ERK is a member of the MAPK family that is involved in many aspects of cell biological functions such as proliferation, migration, differentiation, and death [44, 45]. MAPKs such as p38, ERK, and JNK have been found to have downstream effects of ROS in autophagy induction [46, 47]. Here, we showed that SFN can induce ROS and activate ERK, which in turn facilitates autophagy in human lens epithelial cells. It is speculated that SFN generates ROS, which could activate ERK. A link between ROS and ERK activation is recognized, and it is proposed that this event could occur through several putative mechanisms [48]. One possibility is the activation of upstream growth factor receptors, such as EGF receptor, which have been reported to be activated in response to oxidative stress [49]. EGFR is expressed in both FHL124 cells and the native lens. It is also possible that ROS could alter protein structure of signaling molecules and in doing so promote signaling activity [48]. It is also feasible that MAPK phosphatases, the negative regulators of MAPK signaling, are deactivated and degraded by ROS [48]. Removal of this negative regulator would therefore enable persistent activation of ERK to take place and may best explain the results observed.
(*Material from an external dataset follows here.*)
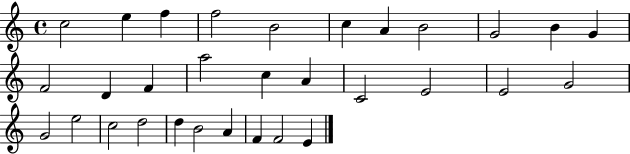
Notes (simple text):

C5/h E5/q F5/q F5/h B4/h C5/q A4/q B4/h G4/h B4/q G4/q F4/h D4/q F4/q A5/h C5/q A4/q C4/h E4/h E4/h G4/h G4/h E5/h C5/h D5/h D5/q B4/h A4/q F4/q F4/h E4/q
Signaling mediated through ERK is often associated with growth and survival, but it is also linked to death pathways [45]. It has been suggested that ERK activity can play a role in mediating extrinsic and intrinsic apoptotic pathways. In the case of SFN treatment, sustained ERK activity is likely to facilitate promotion of the intrinsic apoptotic pathway that is associated with release of pro-apoptotic factors from the mitochondrion that will lead to caspase-9 activation, which will then activate caspase3/7 [45]. The role of ERK in autophagy is also very interesting. Autophagy itself serves an important role in cell maintenance but in some cases can itself lead to cell death [29, 45]. The mode of cell death could be through conventional apoptosis, but it is also often reported that a distinct autophagy-induced cell death can arise that not only has some features common with conventional apoptosis but also presents distinct morphological changes leading to death. It will be of great interest to tease out the relationship between ROS, ERK, and cell death using free radical scavengers and MEK inhibitors to achieve this.
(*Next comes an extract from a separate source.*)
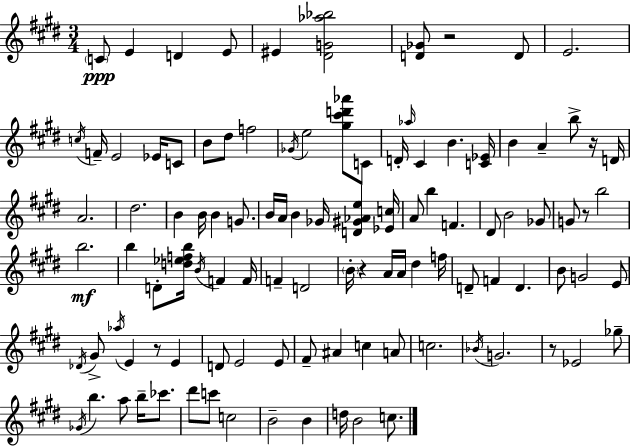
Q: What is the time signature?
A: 3/4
Considering the data as a whole, it is possible to speculate on the sequence of events that may take place following SFN application that ultimately lead to cell death. The primary initiating event is likely to be the generation of free radicals within the cell that will result in an oxidative stress that triggers an ER stress response and promote ERK activity. These two events are both known to stimulate autophagy, and, thus, increased breakdown of cellular material will result. ER stress is associated with reduced protein synthesis, and, thus, a restricted capacity to replace damaged organelles will compromise the cells and trigger death pathways. Sustained ERK activity is likely to deplete mitochondrial numbers, which will in turn activate caspase-mediated cell death. Similarly, a sustained ER stress could also promote caspase-mediated cell death pathways.

In summary, we have shown that SFN can reduce lens cell viability in both a human lens cell line and a tissue culture model, which has implications for the treatment of PCO. Moreover, we have demonstrated for the first time that SFN can promote ER stress and autophagy in lens cell. SFN-induced autophagy requires MAPK signaling, and we speculate that both ER stress and autophagy are regulated by ROS production.